Prices and costs can be significant, especially wellhead prices, operating costs, inflation rates, and interest rates. Although many companies routinely project future increases in prices and costs in their economic analyses, the historical record indicates this practice may be misleading and unreliable. It is misleading because some marginal drilling ventures may become "commercial" only through such price escalation forecasts, and it is unreliable because the practice requires two forecasts to be made (price and cost escalation plus inflation rates), and the industry record at predicting either is demonstrably abysmal.

One procedure is to hold all wellhead prices and operating costs constant, assuming that they will rise or fall together. In addition, many firms now recognize that, by present standards, the historical price of oil has oscillated since 1880 between about $11 and$22 per barrel, (except for the 1978-1984 and 1990-1991 spikes), and they set their price predictions in that range. However, and costs are assumed and the inflation component of the discount rate is omitted (leaving a discount rate of approximately 3-4%), the project analyst is assuming that any price or cost changes that do occur will exactly offset any inflation or loss of purchasing power. If all the assumptions are correct, the result would be a constant purchasing power net present value.

Variations in oil prices would be expected to follow a lognormal statistical distribution, given a free world market—many small price fluctuations and only a few very large ones. However, predicting variations tends to be a near-term preoccupation, which is of limited value in a business that is as long-term as the oil business. Predicting trends would indeed be useful if we could do it—but the historical evidence says we cannot.

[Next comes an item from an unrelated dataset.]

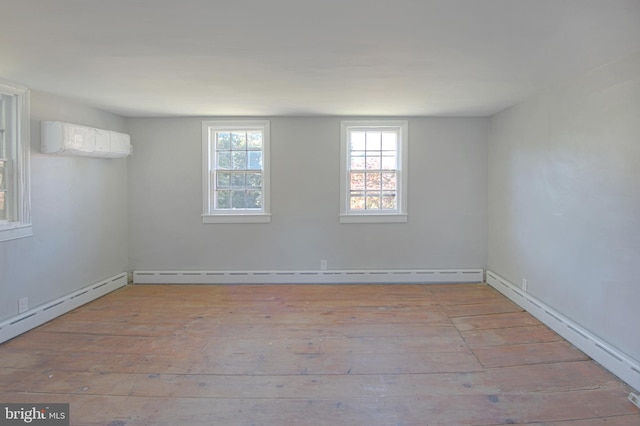 empty room featuring light hardwood / wood-style floors, baseboard heating, and an AC wall unit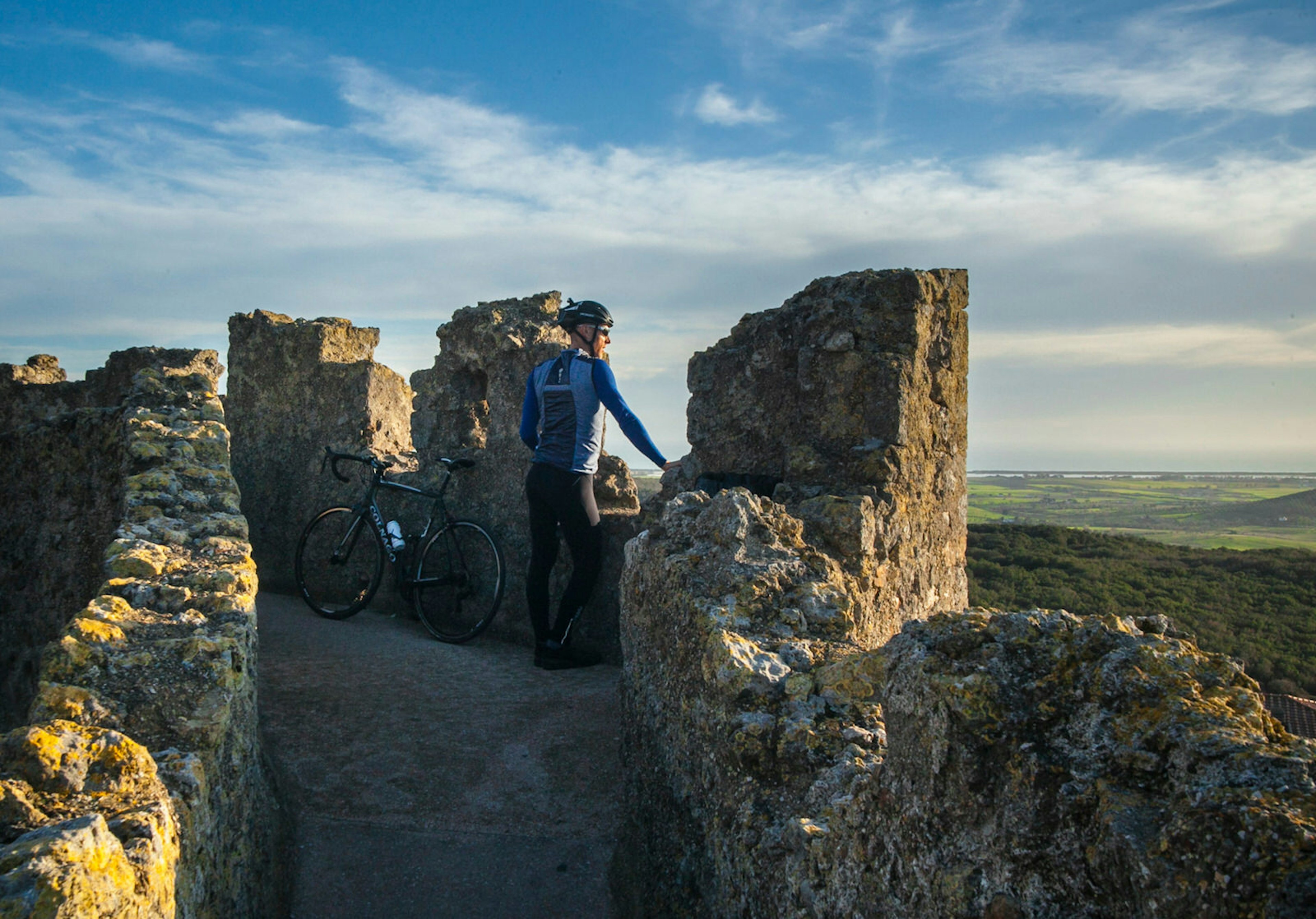 With his bike leaning against the crenulated ramparts, writer Matt Phillips looks out over the green rolling landscape to the Costa d'Argento © Ciclica & Foto Mariollorca.com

Predictive accuracy of cost forecasts for exploration ventures typically lies within the 0.5× to 2.0× range (80% of predictions are within one-half to twice the actual costs incurred). Because lower uncertainties ordinarily attend development projects, cost forecasts should be more accurate, perhaps within a range of about 0.80× to 1.25×.

Estimators who deliberately overestimate such costs to prevent cost overruns actually impose unnecessary burdens on project economics by making projects appear to be more expensive to carry out than they actually are. This may cause the firm to rule out many prospects and thereby suffer the opportunity loss that each rejected prospect represents. Ideally, such predictions should be objective so that cost overruns and underruns balance at the end of each drilling year.

### Taxes and regulatory costs

Taxes and regulatory costs, which show substantial variation, can also be expressed as ranges. Commonly, however, the effect of such governmental regulatory activity is to delay project performance, thus reducing profitability because of the time value of money. There is a clear tendency for operators to underestimate both the number and duration of such delays.[2] It is also possible that future investments and operating costs will increase as a result of future regulatory activity.